▶ [Exercise instructions] In the entries below, find each line with the word "пробегом" and pull it out.

▶ [Dataset entries]
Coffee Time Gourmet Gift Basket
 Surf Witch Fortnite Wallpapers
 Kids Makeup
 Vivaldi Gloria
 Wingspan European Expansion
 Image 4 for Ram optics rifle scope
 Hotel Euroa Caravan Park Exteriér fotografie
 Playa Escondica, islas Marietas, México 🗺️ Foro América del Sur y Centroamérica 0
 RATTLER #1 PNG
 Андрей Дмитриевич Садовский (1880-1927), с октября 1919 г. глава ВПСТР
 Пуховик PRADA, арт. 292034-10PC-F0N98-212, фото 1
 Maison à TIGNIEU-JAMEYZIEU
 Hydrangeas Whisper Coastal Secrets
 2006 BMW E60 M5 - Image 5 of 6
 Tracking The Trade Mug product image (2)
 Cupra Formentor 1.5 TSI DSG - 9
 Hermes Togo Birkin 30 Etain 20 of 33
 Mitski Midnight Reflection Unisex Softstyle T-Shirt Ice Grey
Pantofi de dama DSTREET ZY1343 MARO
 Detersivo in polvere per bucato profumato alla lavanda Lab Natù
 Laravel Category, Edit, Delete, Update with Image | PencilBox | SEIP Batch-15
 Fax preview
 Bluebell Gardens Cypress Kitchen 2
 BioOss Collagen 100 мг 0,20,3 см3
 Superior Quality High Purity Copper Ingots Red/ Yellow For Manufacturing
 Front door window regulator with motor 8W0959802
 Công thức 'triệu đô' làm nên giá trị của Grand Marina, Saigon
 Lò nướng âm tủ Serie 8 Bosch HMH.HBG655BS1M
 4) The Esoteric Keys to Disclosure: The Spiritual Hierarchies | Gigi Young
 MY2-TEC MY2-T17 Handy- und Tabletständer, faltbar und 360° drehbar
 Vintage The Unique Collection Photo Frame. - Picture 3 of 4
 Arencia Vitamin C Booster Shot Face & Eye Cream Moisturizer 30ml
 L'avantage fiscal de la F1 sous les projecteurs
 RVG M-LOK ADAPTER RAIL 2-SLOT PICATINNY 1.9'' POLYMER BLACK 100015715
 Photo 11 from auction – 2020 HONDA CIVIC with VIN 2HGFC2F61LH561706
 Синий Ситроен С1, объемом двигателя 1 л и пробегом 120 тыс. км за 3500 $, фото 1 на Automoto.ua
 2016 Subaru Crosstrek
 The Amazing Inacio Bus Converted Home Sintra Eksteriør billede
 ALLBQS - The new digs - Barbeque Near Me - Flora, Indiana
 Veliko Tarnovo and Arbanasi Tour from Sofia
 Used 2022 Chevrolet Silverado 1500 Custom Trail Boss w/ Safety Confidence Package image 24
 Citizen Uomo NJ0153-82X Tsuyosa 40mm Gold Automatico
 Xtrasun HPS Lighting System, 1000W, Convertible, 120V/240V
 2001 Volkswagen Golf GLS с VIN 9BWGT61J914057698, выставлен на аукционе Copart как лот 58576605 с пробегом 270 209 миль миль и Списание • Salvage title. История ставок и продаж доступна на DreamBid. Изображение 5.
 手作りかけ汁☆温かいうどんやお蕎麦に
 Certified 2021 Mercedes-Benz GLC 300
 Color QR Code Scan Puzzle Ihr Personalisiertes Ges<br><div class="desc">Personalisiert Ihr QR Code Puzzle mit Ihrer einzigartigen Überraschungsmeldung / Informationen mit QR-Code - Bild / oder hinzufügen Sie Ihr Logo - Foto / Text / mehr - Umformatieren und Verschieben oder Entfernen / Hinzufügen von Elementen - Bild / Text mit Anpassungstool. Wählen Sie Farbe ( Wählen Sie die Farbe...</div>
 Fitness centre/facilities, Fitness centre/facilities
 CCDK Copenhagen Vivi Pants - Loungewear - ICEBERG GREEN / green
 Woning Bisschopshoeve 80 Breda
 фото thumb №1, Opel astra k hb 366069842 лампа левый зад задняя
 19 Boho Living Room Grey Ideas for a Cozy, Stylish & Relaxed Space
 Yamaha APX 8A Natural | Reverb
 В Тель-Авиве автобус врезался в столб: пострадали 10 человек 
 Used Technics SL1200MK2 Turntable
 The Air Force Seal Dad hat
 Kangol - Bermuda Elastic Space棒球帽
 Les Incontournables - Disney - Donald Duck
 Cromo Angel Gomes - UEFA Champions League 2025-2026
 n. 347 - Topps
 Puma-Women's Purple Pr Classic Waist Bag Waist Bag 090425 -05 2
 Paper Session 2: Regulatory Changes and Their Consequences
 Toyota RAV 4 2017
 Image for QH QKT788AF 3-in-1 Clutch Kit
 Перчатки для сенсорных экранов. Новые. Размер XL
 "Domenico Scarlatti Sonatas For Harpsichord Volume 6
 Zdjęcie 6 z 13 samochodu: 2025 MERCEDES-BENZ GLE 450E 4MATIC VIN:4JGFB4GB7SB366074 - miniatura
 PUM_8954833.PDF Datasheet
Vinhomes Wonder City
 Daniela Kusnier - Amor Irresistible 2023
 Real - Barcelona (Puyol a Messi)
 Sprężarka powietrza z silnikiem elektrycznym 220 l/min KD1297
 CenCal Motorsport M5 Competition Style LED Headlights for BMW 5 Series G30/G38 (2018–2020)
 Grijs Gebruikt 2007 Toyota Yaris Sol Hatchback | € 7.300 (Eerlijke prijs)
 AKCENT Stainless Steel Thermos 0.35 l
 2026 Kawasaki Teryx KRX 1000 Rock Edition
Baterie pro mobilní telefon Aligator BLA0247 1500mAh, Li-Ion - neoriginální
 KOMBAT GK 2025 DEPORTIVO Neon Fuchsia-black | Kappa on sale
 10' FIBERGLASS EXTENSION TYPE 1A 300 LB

▶ [Worked solution]
 Синий Ситроен С1, объемом двигателя 1 л и пробегом 120 тыс. км за 3500 $, фото 1 на Automoto.ua
 2001 Volkswagen Golf GLS с VIN 9BWGT61J914057698, выставлен на аукционе Copart как лот 58576605 с пробегом 270 209 миль миль и Списание • Salvage title. История ставок и продаж доступна на DreamBid. Изображение 5.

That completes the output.